Sunday, July 24, 2005

Friendship & Fellowship

So this a theme idea for this week has been fellowship. I've been contemplating what I think the differences between fellowship and friendship are. Is fellowship just a fancy religious (Christian?) word for friendship?

First definition of fellowship from Merriam:
1 : COMPANIONSHIP, COMPANY
2 a : community of interest, activity, feeling, or experience; b : the state of being a fellow or associate
3 : a company of equals or friends : ASSOCIATION
4 : the quality or state of being comradely
Friend is less informative:
1 a : one attached to another by affection or esteem b : ACQUAINTANCE
Anyway, I went back and dug up my teaching notes on a sermon I heard many many moons ago (June 22nd, 1999). The sermon was on fellowship as a discipline, and many of his points have stuck with me over the years; I'm surprised, though, how much I jotted down that I don't normally articulate. He started by talking about fellowship as a discipline: Amazing abilities require hours of training, and that spiritual maturity is similar in that Jesus does not short cut us into maturity. He then goes on to draw the parallel that fellowship takes consistent work to achieve and is not a intrinsic aspect of being Christian (or human).

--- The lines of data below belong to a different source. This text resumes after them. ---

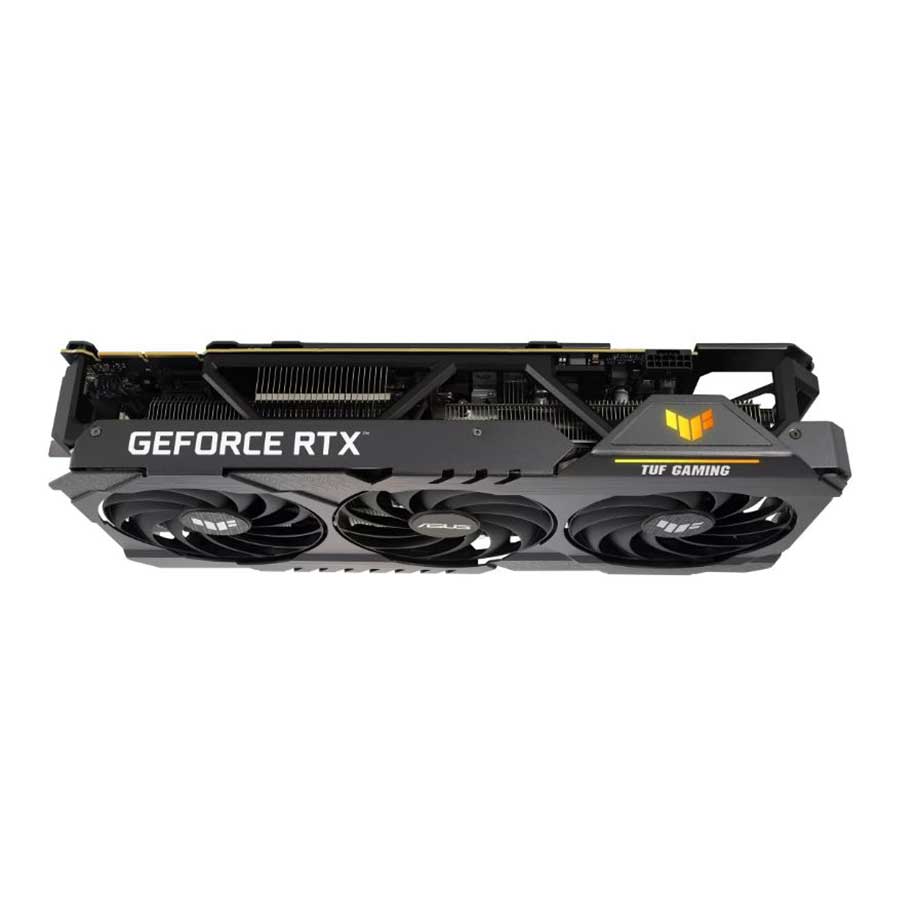 کارت گرافیک ایسوس TUF Gaming GeForce RTX3090 Ti OC Edition 24GB GDDR6X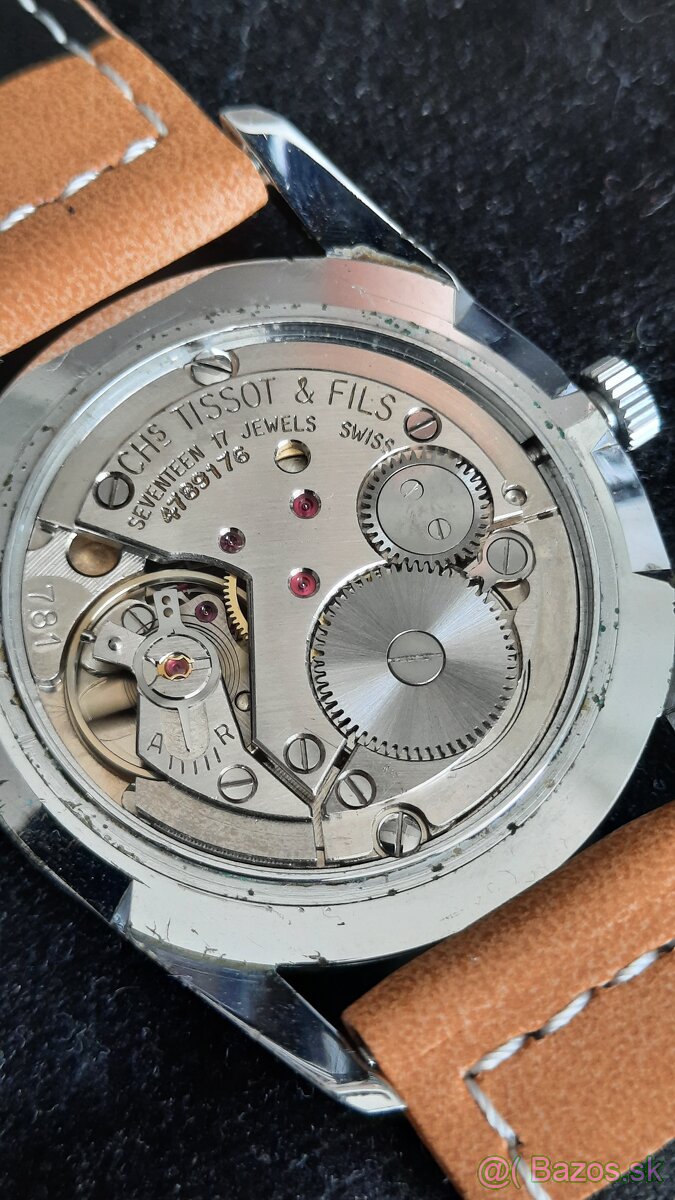 Tissot cal 781 - 6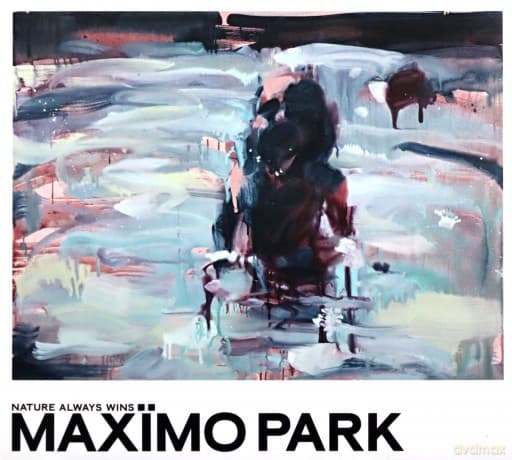 Maximo Park: Nature Always Wins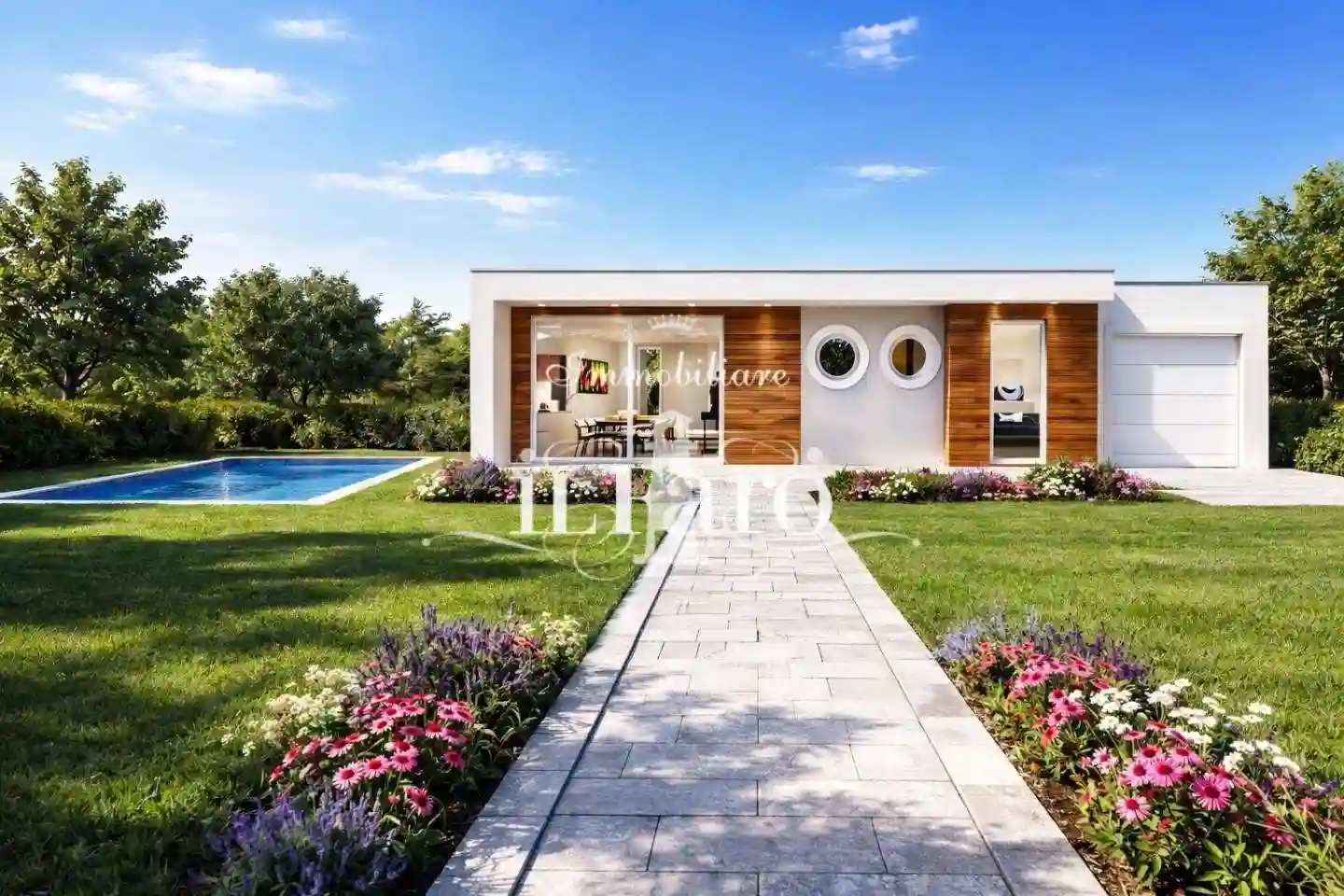 Villa - foto 3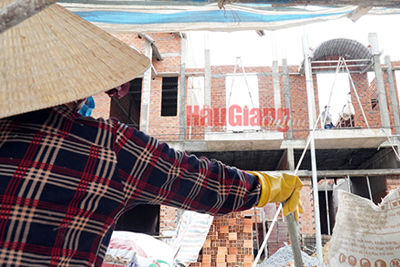 Nhiều dự án nhà ở xã hội đang triển khai thủ tục đầu tư, triển khai thi công và xét đối tượng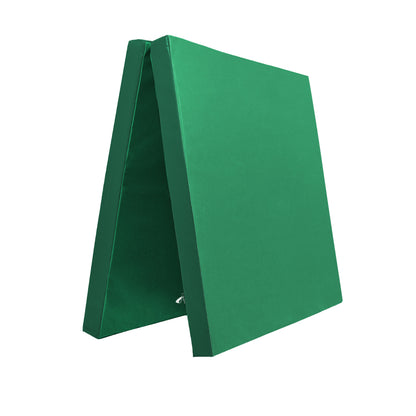 Turn- und Spielmatte klappbar RG22-100x200 cm_gruen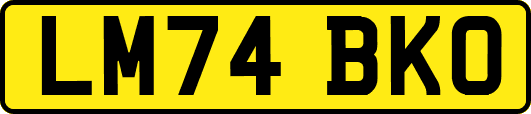 LM74BKO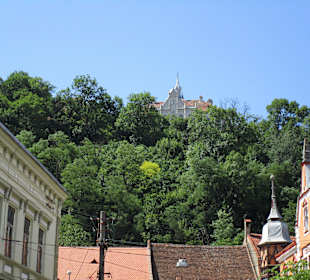 Altstadt Sighisoara/Schäßburg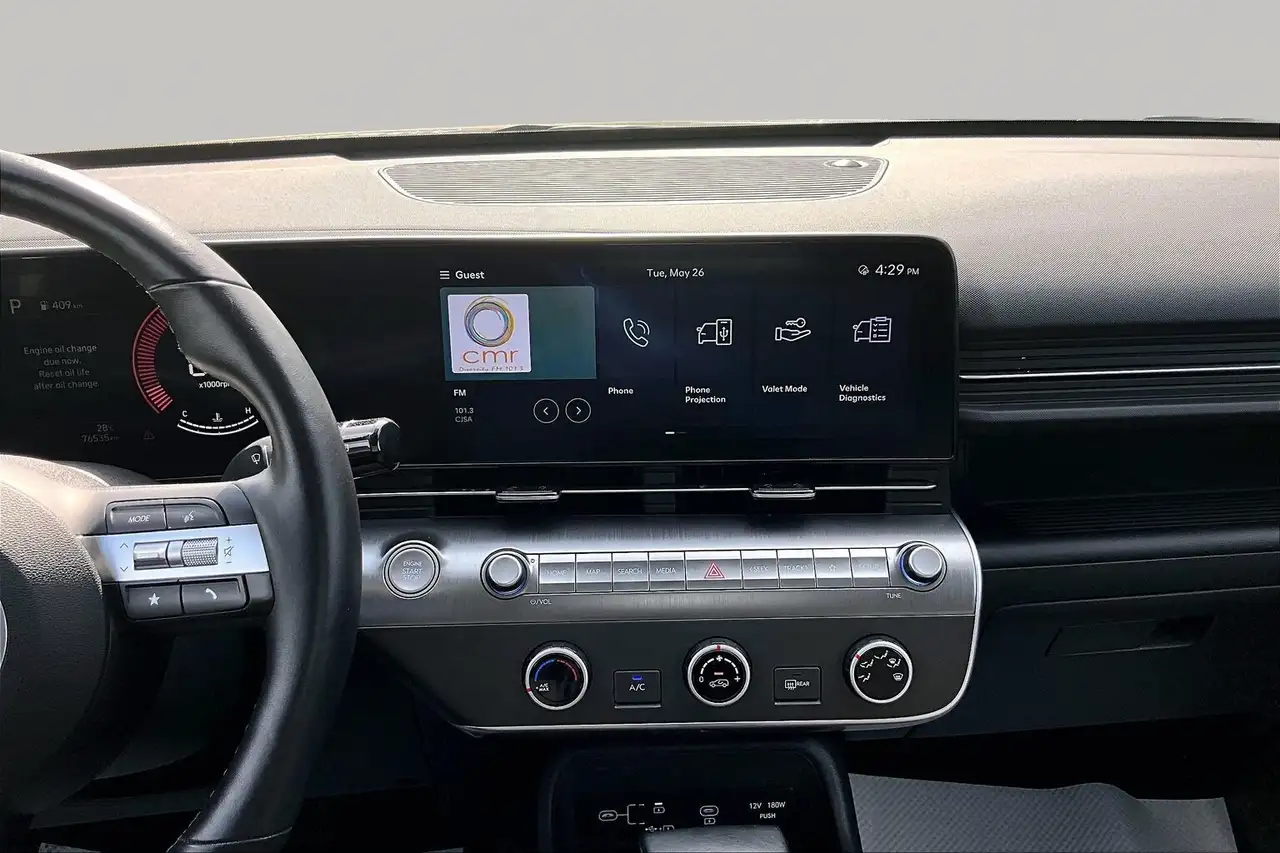 Hyundai KONA снимка Hyundai KONA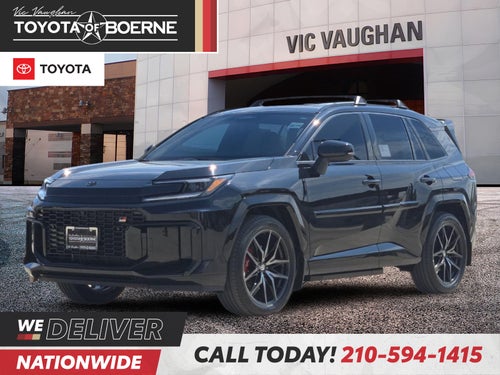 2026 Toyota RAV4 Plug-in Hybrid GR SPORT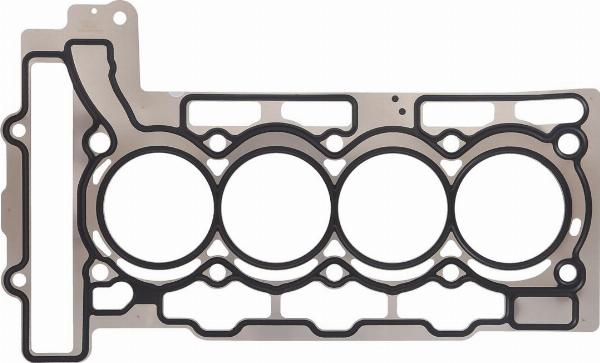 Kamoka 8701827 - Прокладка, головка циліндра autocars.com.ua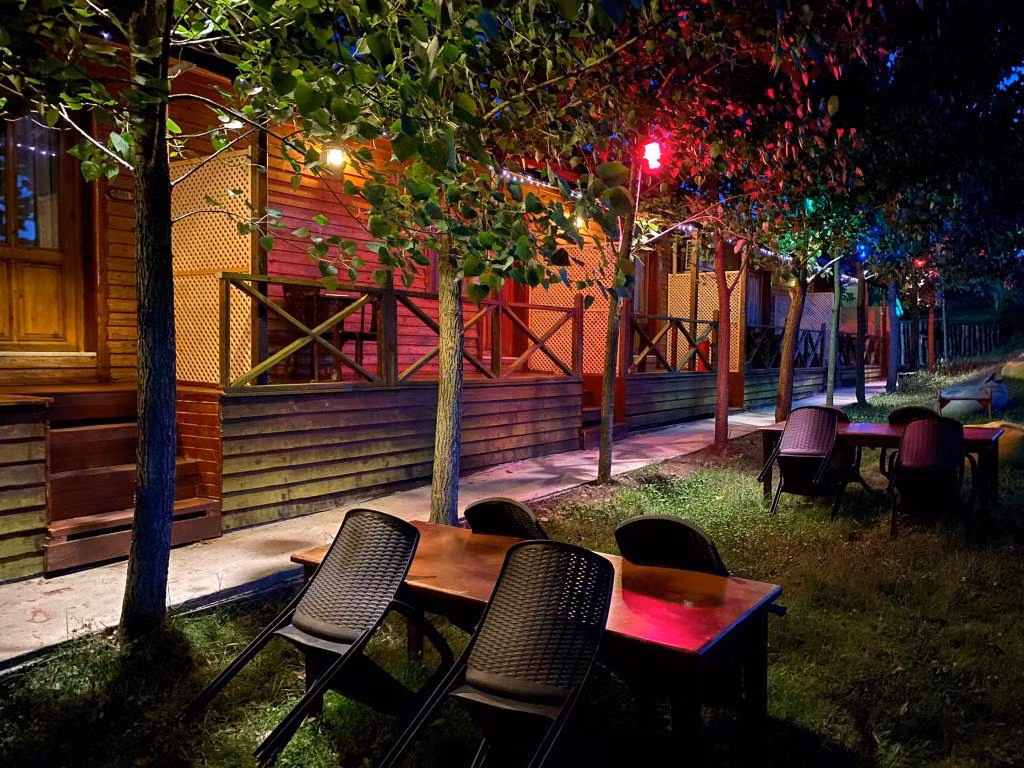 Ağva Green River Hotel ( Yetişkin konsepti +14 )  — 9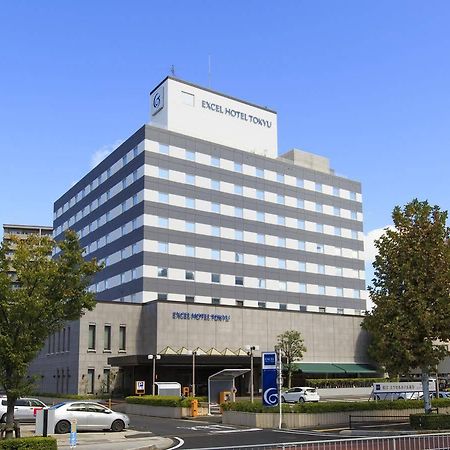 Matsue Excel Hotel Tokyu מראה חיצוני תמונה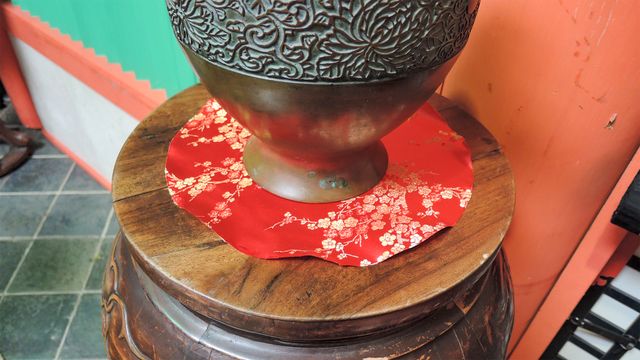 隆家の執務室＆政庁・客館「光る君へ」セット美術（13枚目）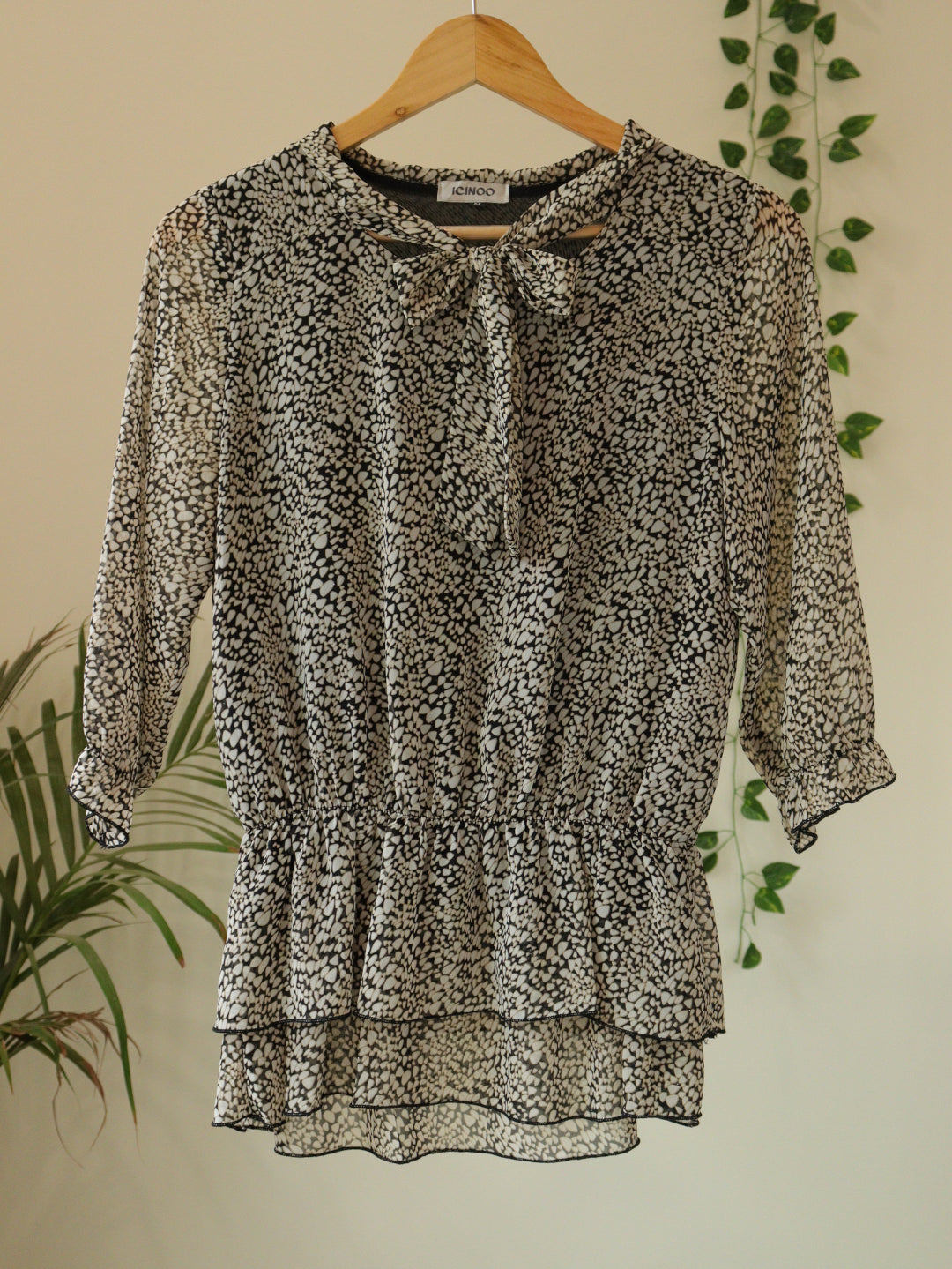 Printed Top - 36"
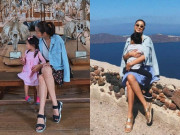 Giải trí - Tăng Thanh Hà vừa đăng ảnh 2 con, 1 tấm lập tức gây "bão" mạng xã hội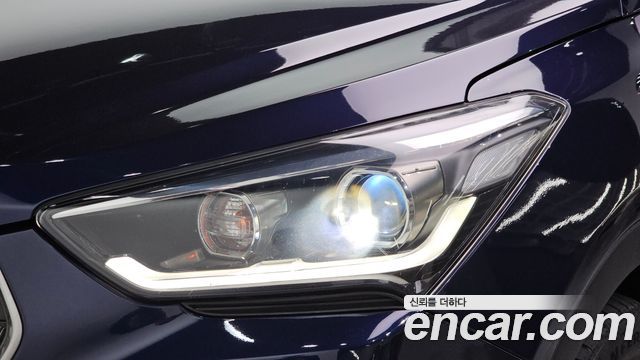 Hyundai Maxcruz 2016 — photo 8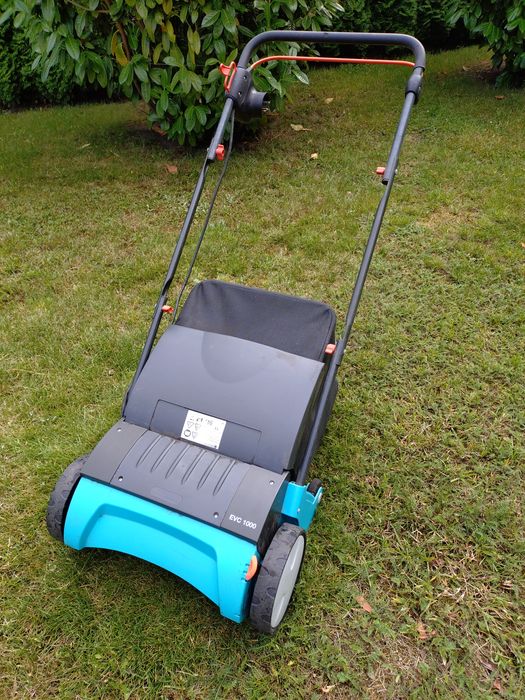 GARDENA Wentylator elektryczny do trawników itp.
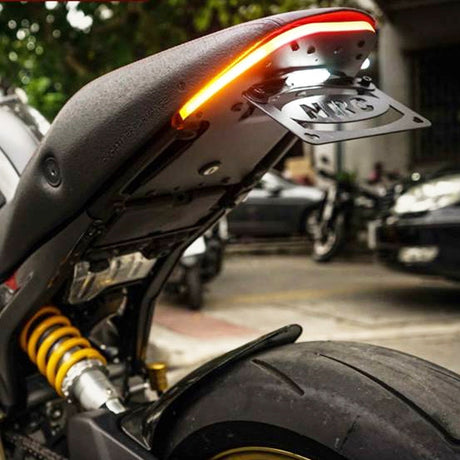 Ducati Monster 796 Fender Eliminator Kit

A few other points: Fellowship is a command (as well as a blessing) - it leads to challenge and encouragement of one another.

Fellowship is deeper than friendship.It is about interdependence - common lives, common material, common experiences. It is warmer - people who share their lives, crying and rejoicing together. It is wider, spanning generations, dress, education, cultures, and such.

The concluding application still gets me. The pastor quoted Acts 20:36-21:1
When he had said this, he knelt down with all of them and prayed. They all wept as they embraced him and kissed him. What grieved them most was his statement that they would never see his face again. Then they accompanied him to the ship. After we had torn ourselves away from them, we put out to sea and sailed straight to Cos.
and left us with the following questions:
- Who would leave your fellowship and you would weep?
- If you left your fellowship, would you feel like you are "tearing yourself away?"
and one comment: This is the Bible's description of the living church. A brave but soft people, full of passion for each other.

Those parting questions still get to me. How much do I care about the presence of others? How much does their absence grieve me? How consumed am I in my own little world?